I'm finding DuckDB to be a great tool for this, and love that the Overture team put up a couple sample queries at https://github.com/OvertureMaps/data/tree/main/duckdb_queries

I tried using GPQ and ogr2ogr directly. GPQ had a problem with byte array, hoping it's an easy fix at planetlabs/gpq#57 ogr2ogr seems to have trouble with nested data structures perhaps? I get

Warning 1: Field names of unhandled type map<string, list<array_element: map<string, string ('array_element')>> ('names')> ignored
Warning 1: Field sources of unhandled type list<array_element: map<string, string ('array_element')>> ignored
ERROR 1: ICreateFeature: NULL geometry not supported with spatial index
ERROR 1: Unable to write feature 0 from layer 20230725_211237_00132_5p54t_25816df1-b864-49c0-a9a3-a13da4f37a90.
ERROR 1: Terminating translation prematurely after failed
translation of layer 20230725_211237_00132_5p54t_25816df1-b864-49c0-a9a3-a13da4f37a90 (use -skipfailures to skip errors)

So DuckDB with their samples seems to be ideal. But the readme just shows GeoJSON output.
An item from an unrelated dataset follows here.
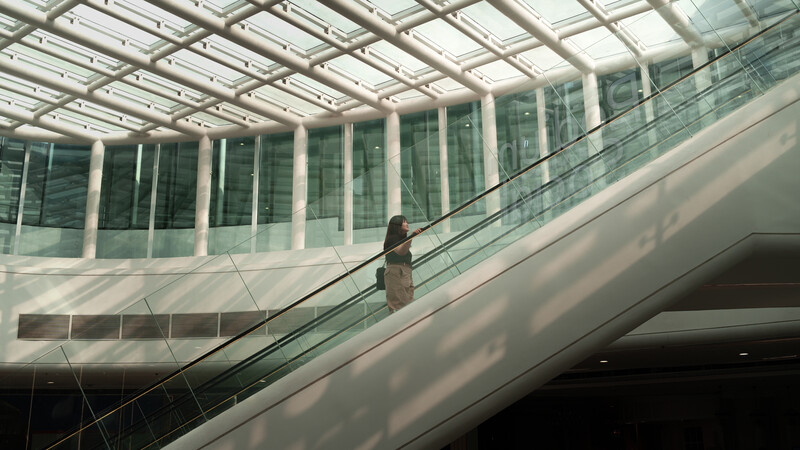 Woman on escalator in modern glass and steel atrium with geometric skylight.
What about GeoParquet?

Countries to GeoParquet

That's pretty easy, can adapt their example to do Parquet output:

load spatial;
load httpfs;
COPY (
    SELECT
           type,
           subType,
           localityType,
           adminLevel,
           isoCountryCodeAlpha2,
           JSON(names) AS names,
           JSON(sources) AS sources,
           geometry
      FROM read_parquet('s3://overturemaps-us-west-2/release/2023-07-26-alpha.0/theme=admins/type=*/*', filename=true, hive_partitioning=1)
     WHERE adminLevel = 2
       AND ST_GeometryType(ST_GeomFromWKB(geometry)) IN ('POLYGON','MULTIPOLYGON')
) TO 'countries-tmp.parquet'
WITH (FORMAT Parquet);

(be sure to have spatial and httpfs installed)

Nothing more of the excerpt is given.